For Worsley Porlock, heading to his invitation upstairs at American, it was his big day, and, as with most big things, trying to keep it heated seemed to be a major problem. Worsley had a mask on – giving him the Brute’s nose, mouth and chin, which seemed disloyal for a visit to American but was the only one they’d had in stock – and therefore wasn’t leaving smokestack plumes of condensation in his wake, like the few unmasked people he could see there on the all but empty avenue. He passed one unmasked man who appeared frightened and offended at the same time, and who had on a red baseball cap that bore the legend Make America There Again. Everything steamed and shivered, and the whole thing felt like entropy for commerce.

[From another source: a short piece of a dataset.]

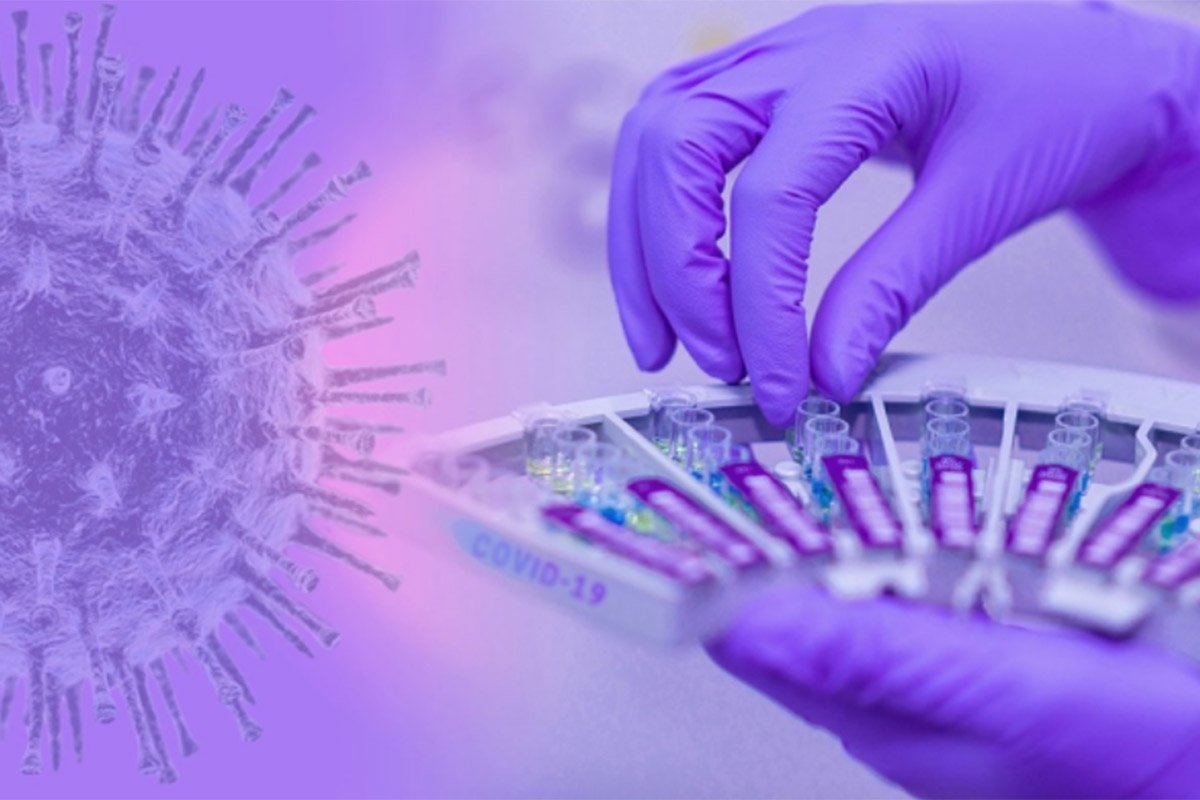 U Srpskoj zaraženo deset osoba, preminula starija žena iz Doboja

Or perhaps that was just Worsley, who had barely slept the night before and who was viewing the semi-deserted city through insomnia’s fractured lens. With apprehension and anticipation staging simultaneous TED Talks in his head, slumber had managed to evade him, and he’d filled the pale hours streaming Glenfield season one, so then he’d been disturbed as well as wakeful. Glenfield, unbelievably, turned out to be a dark and gritty reimagining of Blinky, named after the astigmatic character’s hometown. Now known as Bradley Brown so as not to offend the partly sighted, Blinky’s optic defect had been retooled to allow him visions of a strange, Lovecraftian netherworld, and best friend Bottleneck was managing a meth lab from a back room of Pop’s Soda Shop. In the first episode, the naked corpse of Blinky’s high school teacher Mrs Grimsby was discovered, wrapped in tinfoil, in the trunk of Blinky’s beat-up old jalopy, and things got more gritty from there on. If Worsley had remained in bed and suffered through a series of those micro-nightmares that attend the sleepless, then the residue of free-floating unease he felt now would be near identical to that which came with having watched six episodes of Glenfield. It had all just been so wrong, like having a beloved childhood teddy bear crawling towards you with a knife between its teeth. So, on this already unsettling morning, Worsley found himself further disquieted by Blinky, of all fucking things.